Наряду с трагическим Гераклит выявляет и момент комического в жизни людей. Последнее, по Гераклиту, наличествует в образе жизни и мышления «большинства» людей, включая «многознающих». Так, комичны те, кто пребывает в духовной спячке: от них «скрыто то, что они делают бодрствуя, подобно тому, как они забывают и то, что [делали] во сне» (В 1). Смешны и те, кто отходит от всеобщего логоса и живет так, как если бы имел собственное разумение (В 2, В 72), не говоря уже о тех глупцах, которые, даже услышав, глухим подобны; это о них гласит пословица «Присутствуя, отсутствуют» (В 34). Мы уже знаем, сколь едкой иронией и сарказмом Гераклит сопровождает свою критику «большинства» и «многознающих».

Наконец, надо сказать, что эфесец, во многом следуя эпически-поэтическому стилю, выступает, однако, против «народных певцов», против Гомера и Гесиода — создателей и носителей указанного стиля. Дело, по-видимому, объясняется тем, что, по Гераклиту, Гомер и Гесиод измыслили много ложного и неправдоподобного (см. ДК А 23) и тем самым пожертвовали истинным во имя воображаемого. «Что у них за ум, что за разум? Они верят народным певцам и считают своим учителем толпу…» (В 104).

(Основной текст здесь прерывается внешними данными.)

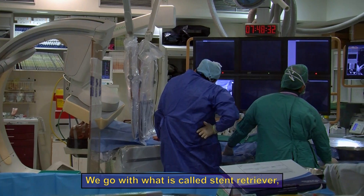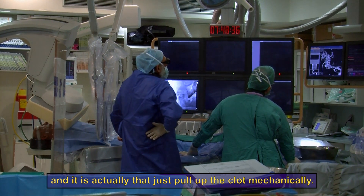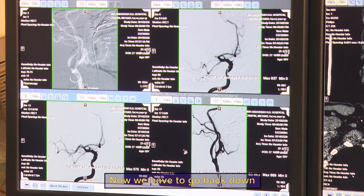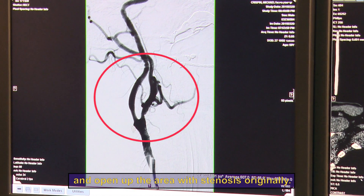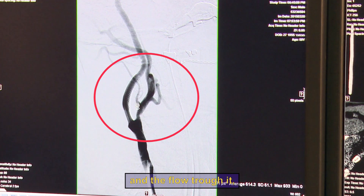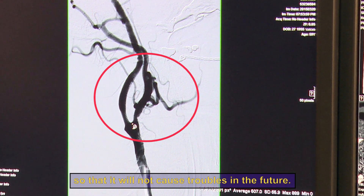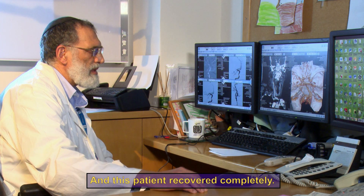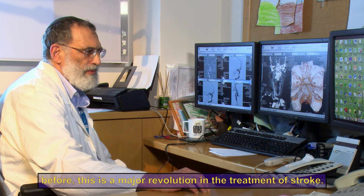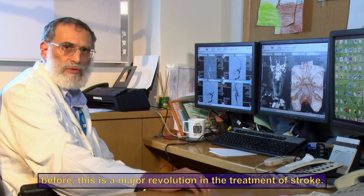We have to open the occluded artery using what's called a stentriever, which mechanically pulls out the clot. After just one pass, we can see it is completely opened. We then go back to open the area that was stenosed originally, placing a stent and restoring flow so it will not cause trouble in the future. This patient recovered completely — something that was usually a death sentence before. This is a major revolution in the treatment of stroke.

По словам К. Акселоса, гераклитовская речь «эпична и лирична; она сочетает размах героической эпопеи и глубину исследования души… Язык Гераклита, поэтичный и трагичный, может быть назван также музыкальным, скульптурным и архитектурным… Музыкальным, так как он глубоко чувствует ритм, „мелодию“ вселенной; скульптурным, поскольку он передает объемность и подчеркивает рельефность форм; архитектурным, ибо он возводит величественное здание из различных каменных блоков» (65, 211). Как бы мы ни определяли язык и мысль Гераклита, одно несомненно: все его мировоззрение имеет ярко выраженную художественно-эстетическую направленность.